_HOW TO COMPLETE THIS TASK_
Your reply must contain the lines from the one with "Jaipur: Jaipur &" through the last line of the material, exact and complete, with no pictures and no other text.

*** THE DATA Section Begins ***

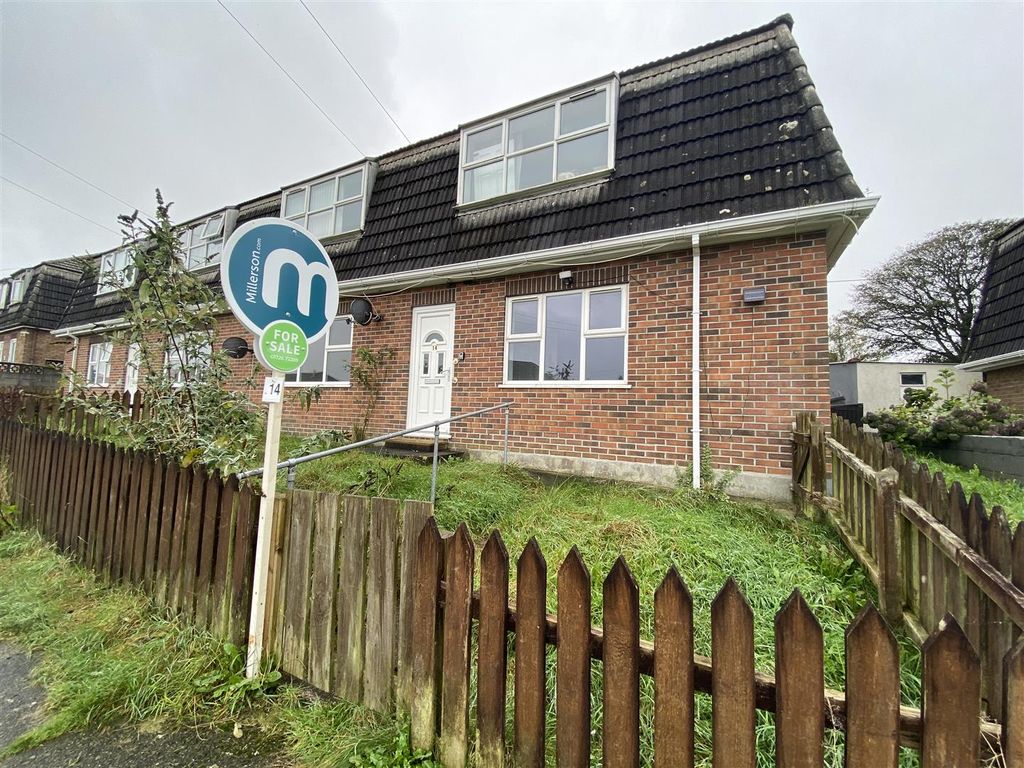 2 bed flat for sale in Montgomery Road, Penwithick, St. Austell PL26, £90,000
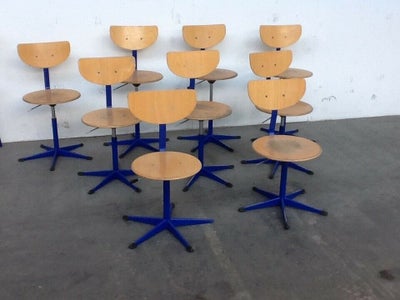 Skolestole blå 9 stk 5 egers fod - pris/stk, Skole stole 9 stk med 5 egers fod blå - REF 1712099,
S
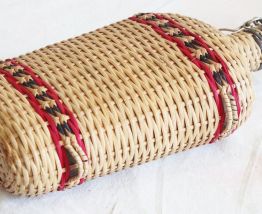 Bouteille en osier de Lourdes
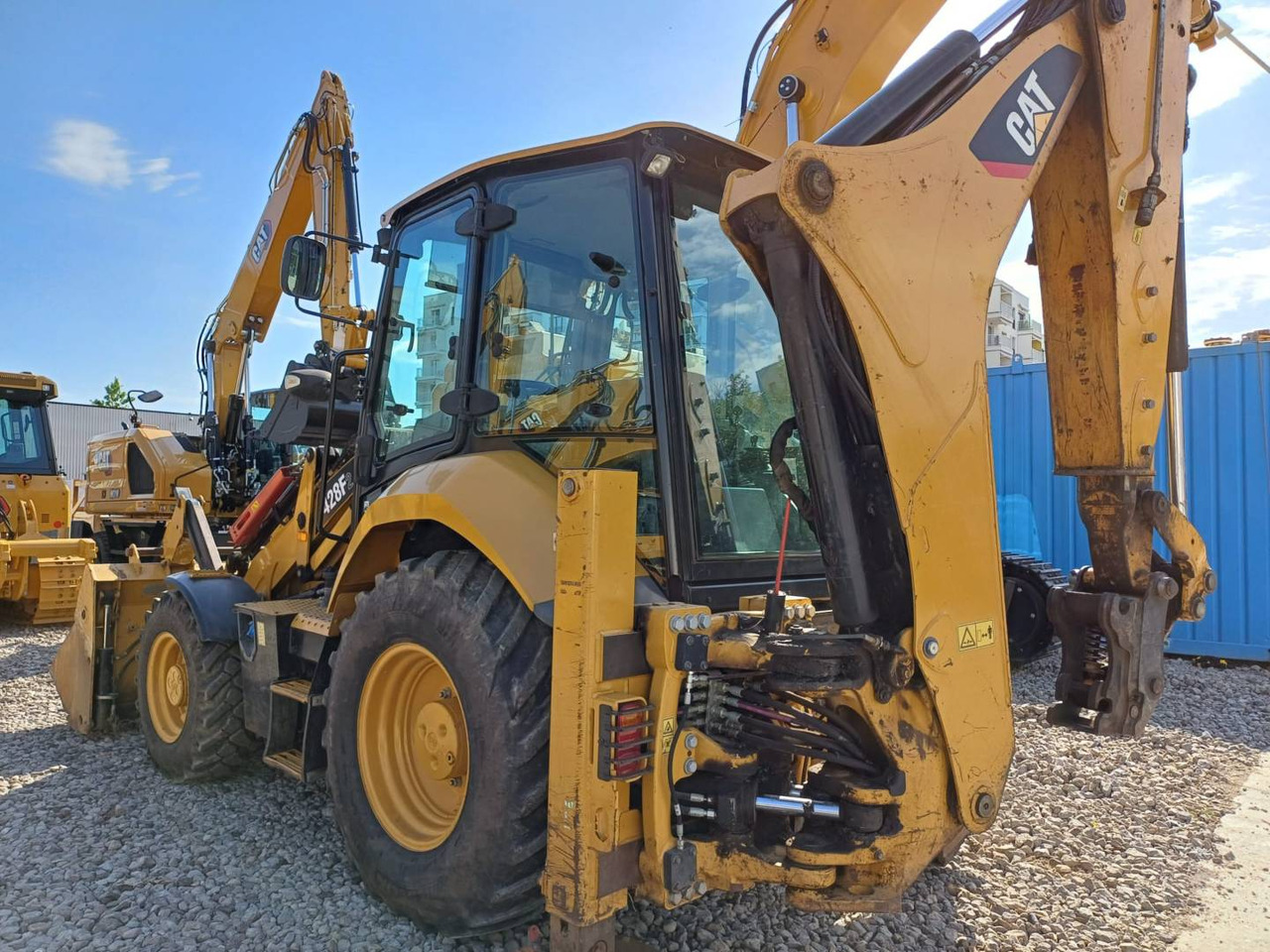 CAT 428F2 - Rýpadlo-nakladač: obrázok 4 CAT 428F2 - Rýpadlo-nakladač: obrázok 4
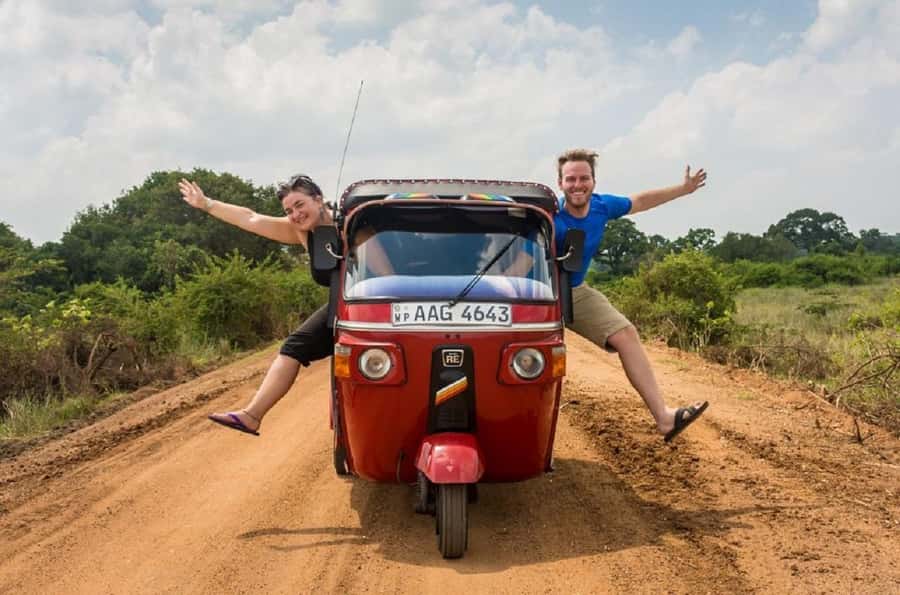 Jaipur: Jaipur & Amber Fort Full or Half-Day Guided Tour - Jal Mahal and Hawa Mahal photo stops: iconic Jaipur in the real world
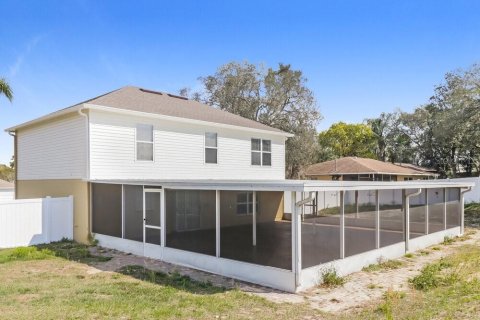 House in Spring Hill, Florida 4 bedrooms, 199 sq.m. № 2381350 - photo 16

*** THE DATA Section Ends ***

_RESPONSE FOR THIS EXERCISE_
 Jaipur: Jaipur & Amber Fort Full or Half-Day Guided Tour - Jal Mahal and Hawa Mahal photo stops: iconic Jaipur in the real world
 House in Spring Hill, Florida 4 bedrooms, 199 sq.m. № 2381350 - photo 16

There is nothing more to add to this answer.